Educational Objective:
Students will share their ability to tell a convincing and entertaining beginning-level story by telling to an elementary-aged audience and by first auditioning for the teacher.
2014 National Core Arts Theatre Standards
TH:Cr1-3.1
TH:Pr4-6.1
TH:Re7,9.1
TH:Cn10.1
1994 National Standards Met:
Content Standard #1: Script writing through improvising, writing, and refining scripts based on personal experience and heritage, imagination, literature, and history Content Standard #2: Acting by developing, communicating, and sustaining characters in improvisations and informal or formal productions
Content Standard #4: Directing by interpreting dramatic texts and organizing and conducting rehearsals for informal or formal productions
Content Standard #5: Researching by evaluating and synthesizing cultural and historical information to support artistic choices Content Standard #7: Analyzing, critiquing, and constructing meanings from informal and formal theatre, film, television, and electronic media productions
Content Standard #8: Understanding context by analyzing the role of theatre, film, television, and electronic media in the past and the present
Big Ideas:
Stories are told each day in various ways and are therefore essential to our ability to communicate with others
The art of storytelling through various means is crucial in human development (both in an overarching way as well as an intimate way)
Essential Questions:
Why do we tell stories as humans?
What role does storytelling, in its various forms, have in human interaction?

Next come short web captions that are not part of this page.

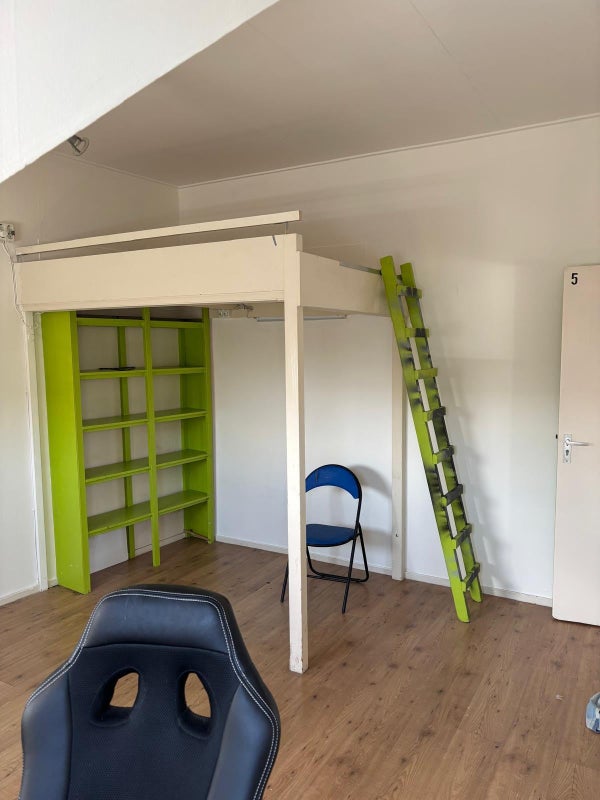 For rent: Tilburg / €375470.00 p.m. / 14.00m2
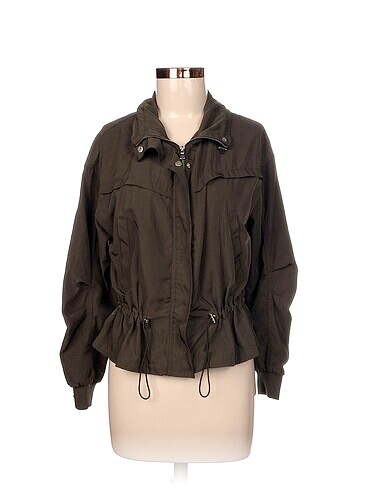 Stradivarius Spor Dış Giyim %70 İndirimli.
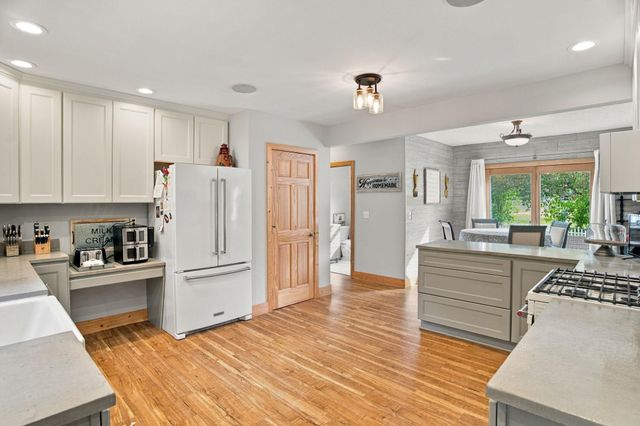816 Saint Croix Street, Prescott, WI 54021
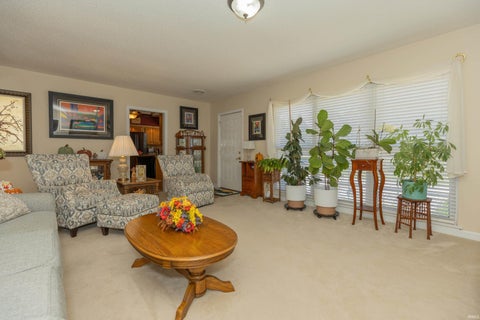 Tiny photo for 1324 Rosemarie Avenue, Evansville, IN 47715 (MLS # 202642101)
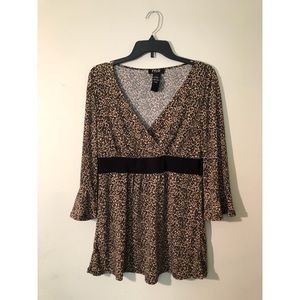 YEAR END CLEAR OUT -Animal print blouse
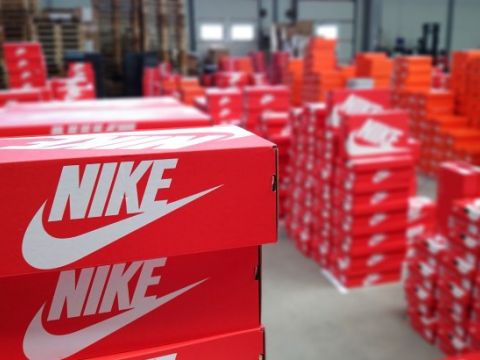 Nike ngừng bán hàng trên Amazon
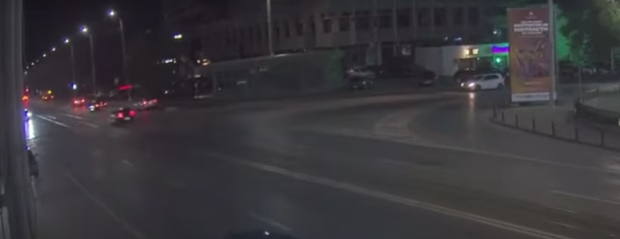 Accident în lanț pe un bulevard din mijlocul Iașului, cu trei BMW-uri implicate: patru persoane au fost rănite I VIDEO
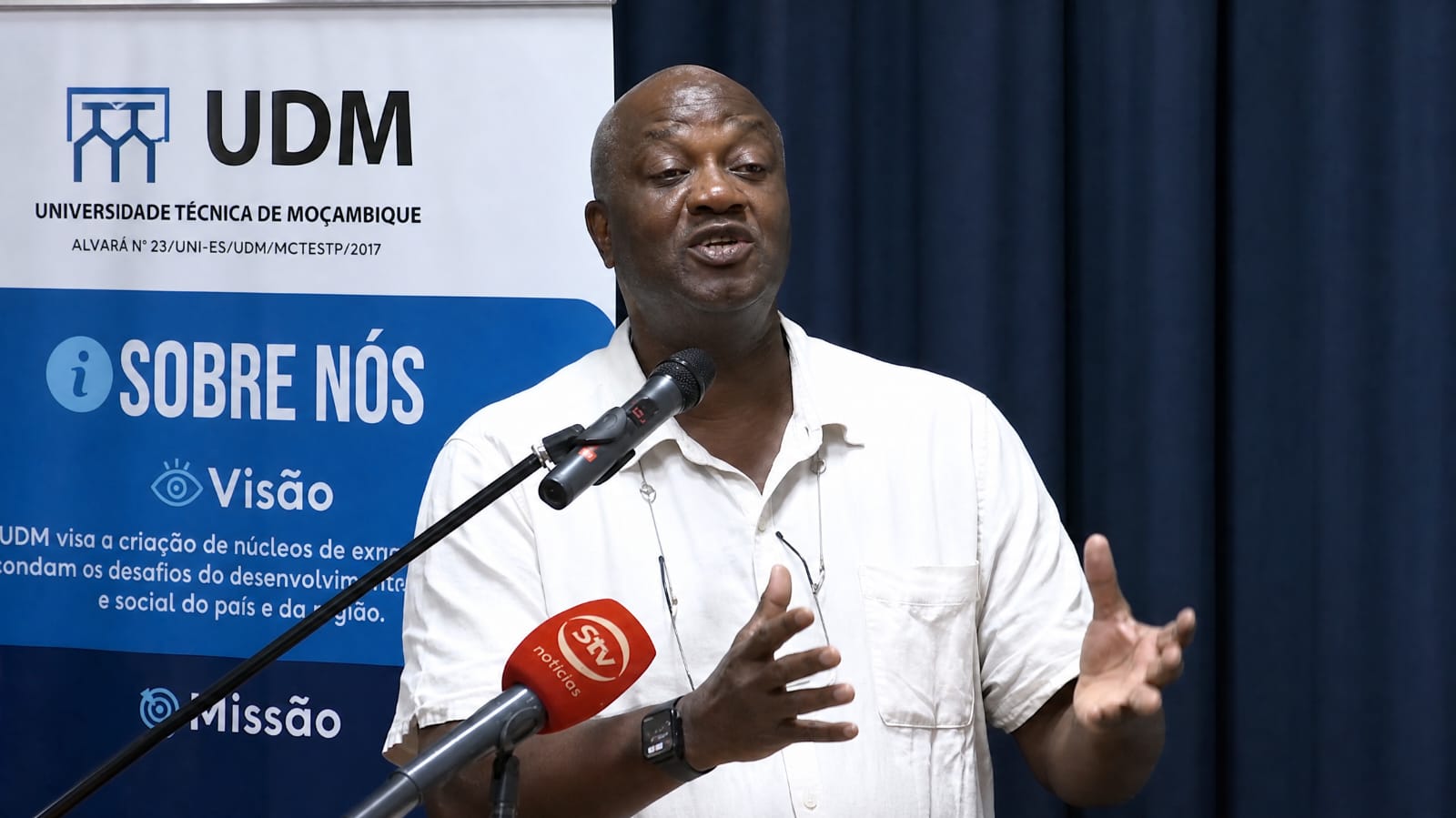 Severino Ngoenha alerta que Moçambique é uma selva de capim
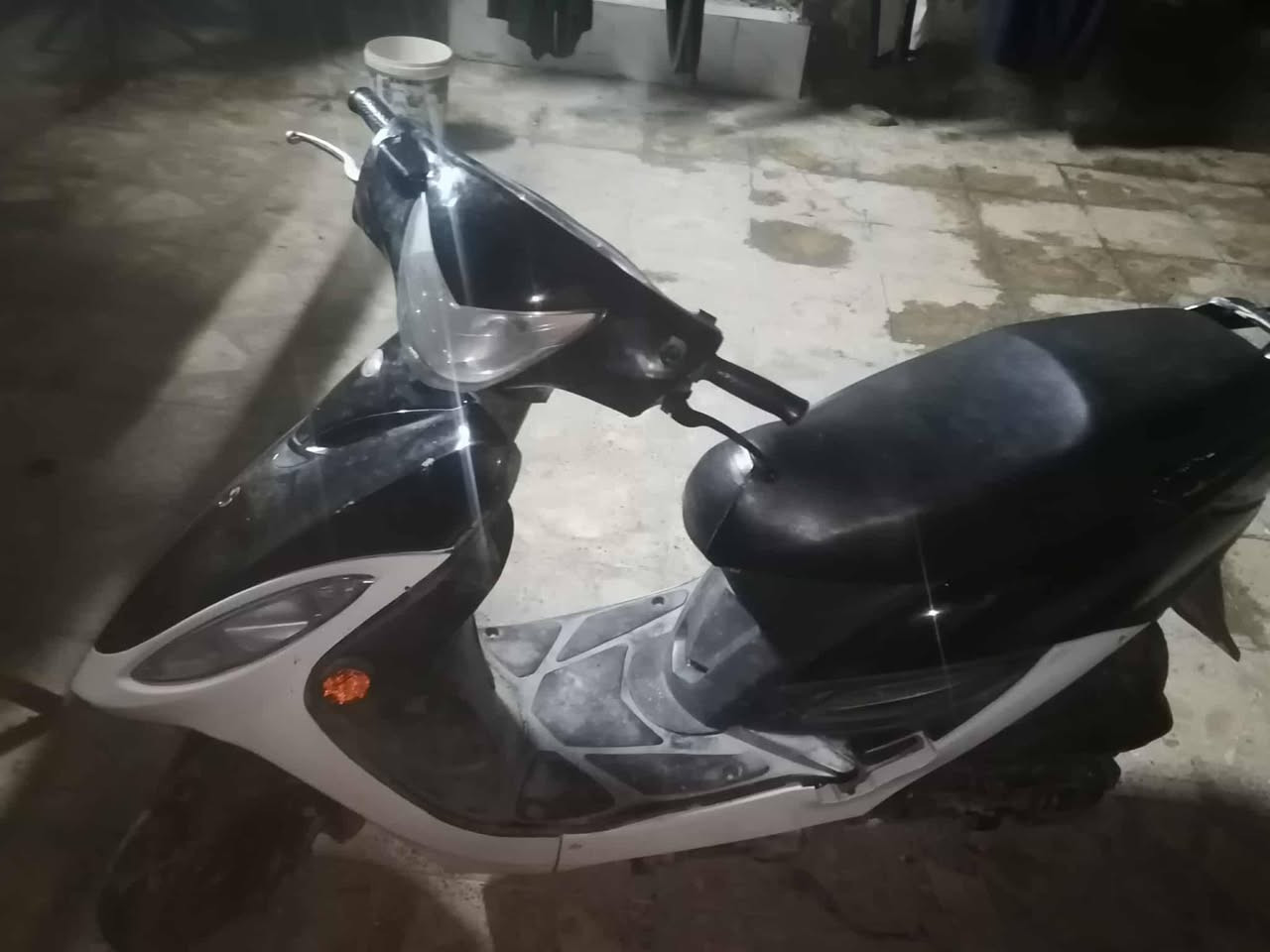 دراجه كامكو لبيع بس مكان صالنصه براغي مسولكات   سعر 400 وبيه مجال شراي بي خير ويدلل


**إذا كنت صاحب هذا الإعلان وتريد حذفه لأي سبب، رجاءا أرسل رسالة إلى الدعم الفني**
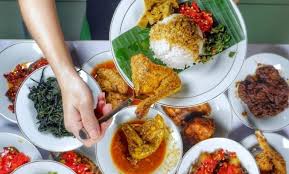 Nasi uduk tradisional kerap disajikan bersama timun, emping goreng, tahu goreng, irisan telur goreng, kering tempe, abon, bawang goreng, suwiran ayam nasi uduk asal betawi biasanya dikemas dalam rasa gurih dengan kombinasi aroma rempah. Macam Macam Wisata Kuliner Tradisional Khas Indonesia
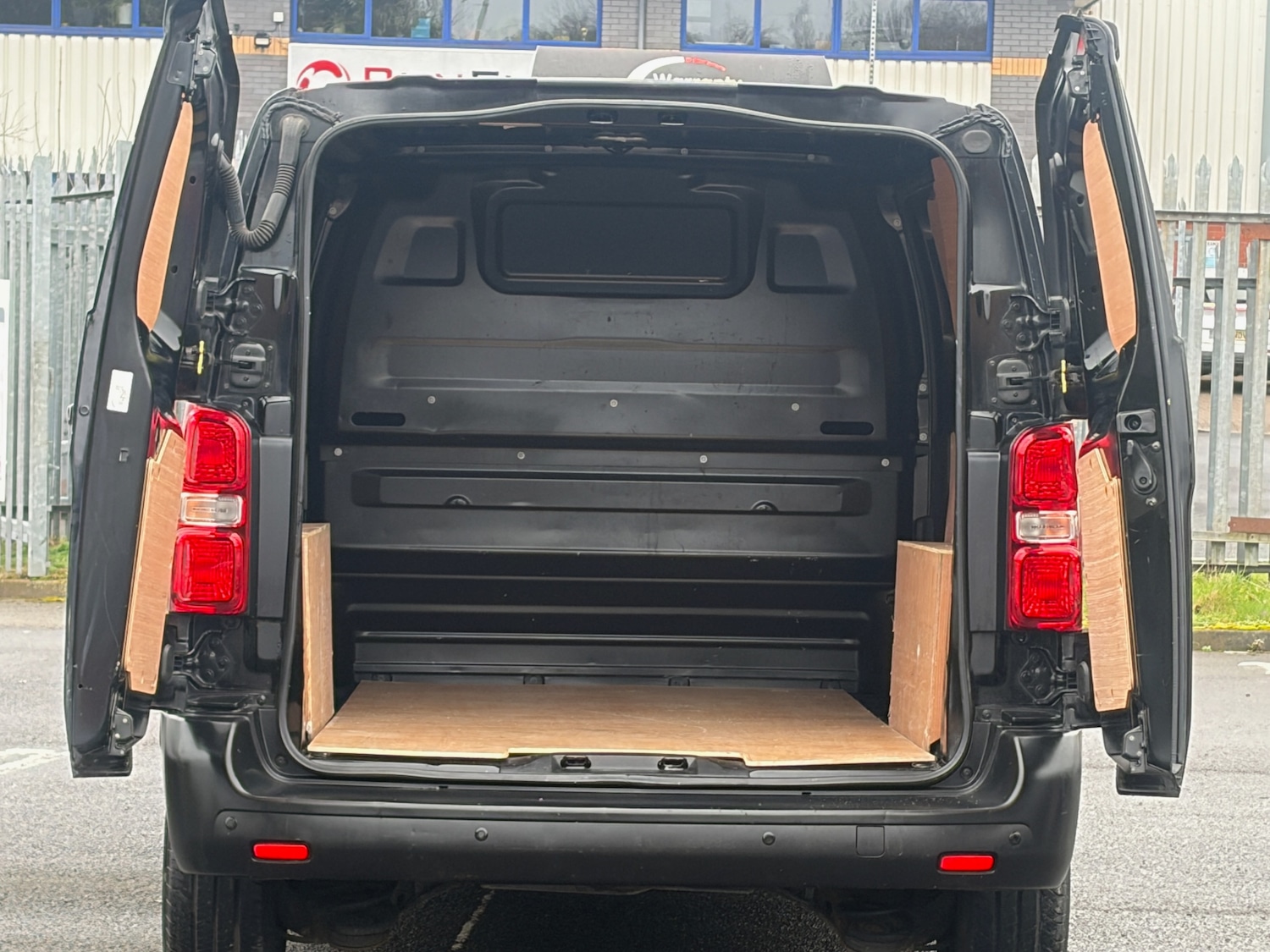 Used Vauxhall Vivaro 2020 for sale - 77631304: Photo 20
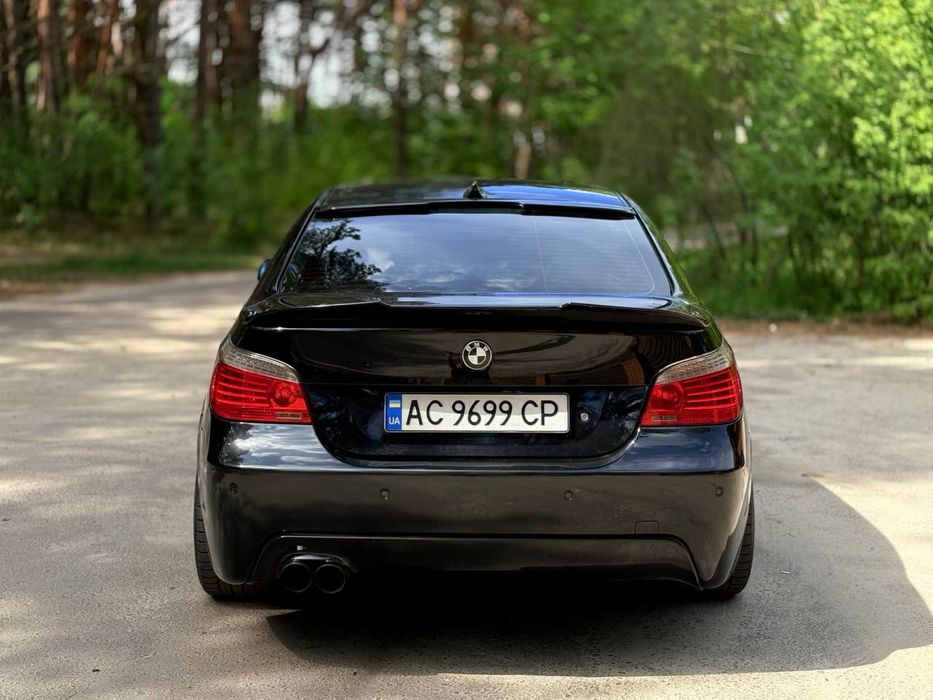 BMW E60 523I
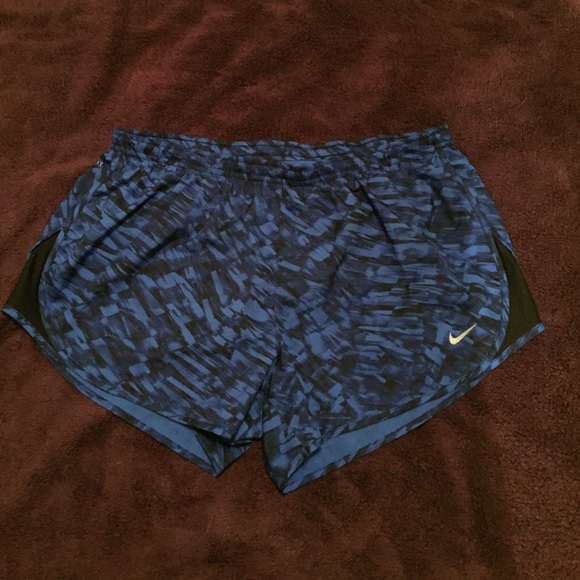 Nike tempo running shorts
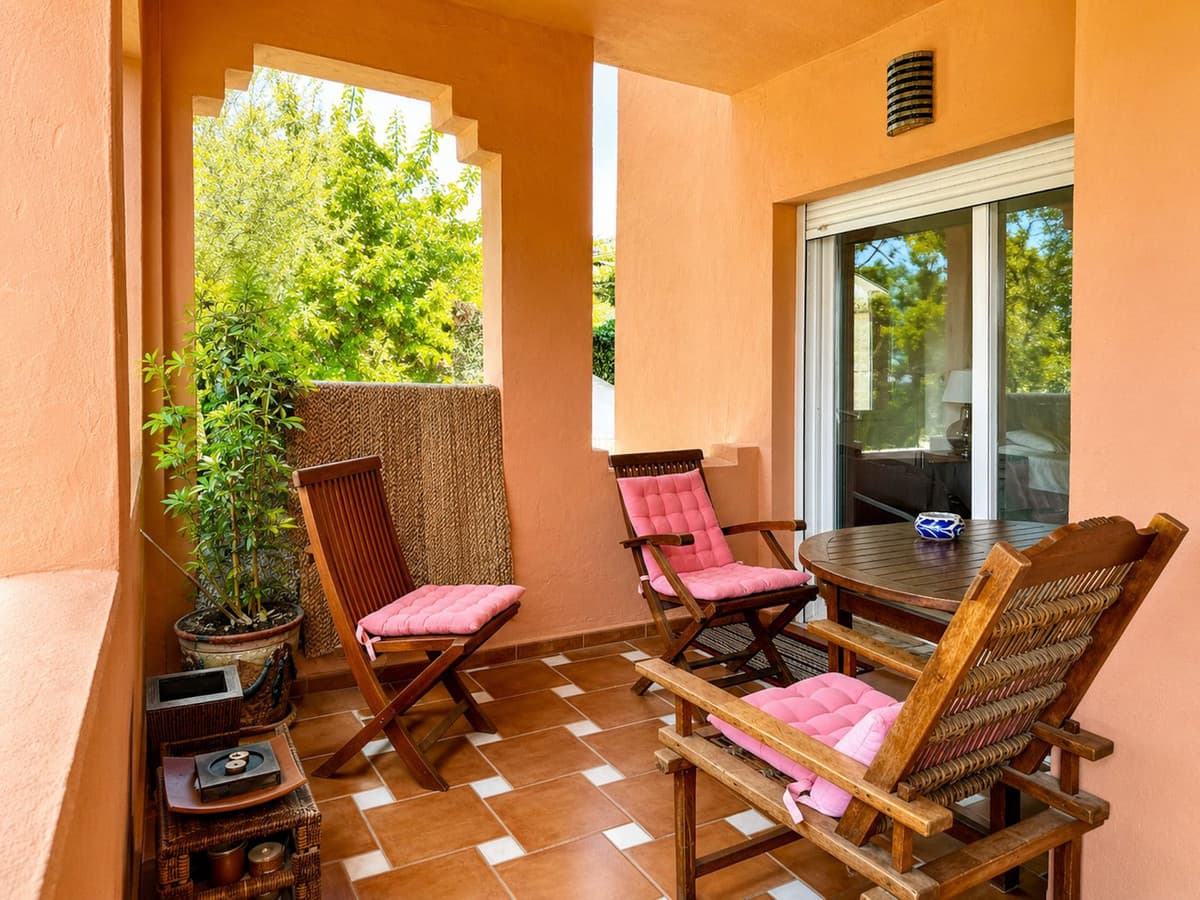 Middle Floor Apartment in Guadalmina Baja — photo 5 of 10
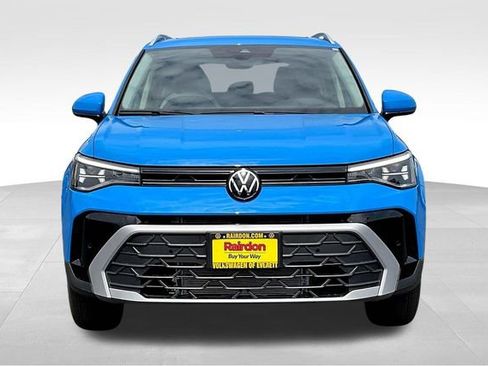 New 2025 Volkswagen Taos SE image 15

What makes a story “good”?
How can one decide what is “age appropriate” and what is not?
Key Knowledge/skills:
Telling stories in a professional manner
The ability to critique one another’s work
The ability to self-assess
The knowledge that sometimes you must prove what you can do before you are allowed to do it to your target audience
Authentic Performance Tasks:
Researching in order to find a suitable story to tell
Passing an audition in order to earn the ability to tell in the classroom (which simulates the passing of an interview or another such thing in which one must prove his or her skills before moving forward).
Educational Objective: Students will be able to identify the basics of storytelling as a class after going over storytelling packet as well as learning about its history.
Educational Objective: Students will be able to assess the tellability and learnability of a story by choosing one story to adapt for a young audience.
Educational Objective: Students will be able to identify strong things and weak things about storytelling after watching various examples and apply strong things to their own stories as well as decide upon which medium of story (traditional, puppets, overhead projector, or felt board) that they will use to tell their stories.
Educational Objective: Students will show their ability to both tell a story and to assess a story by working with one another to critique each other’s stories.
Educational Objective: Students will organize their telling agendas after being placed into groups by filling out an organization sheet and then practicing their agendas.
Educational Objective: Students will share their ability to tell a convincing and entertaining beginning-level story by telling in front of an elementary-aged audience.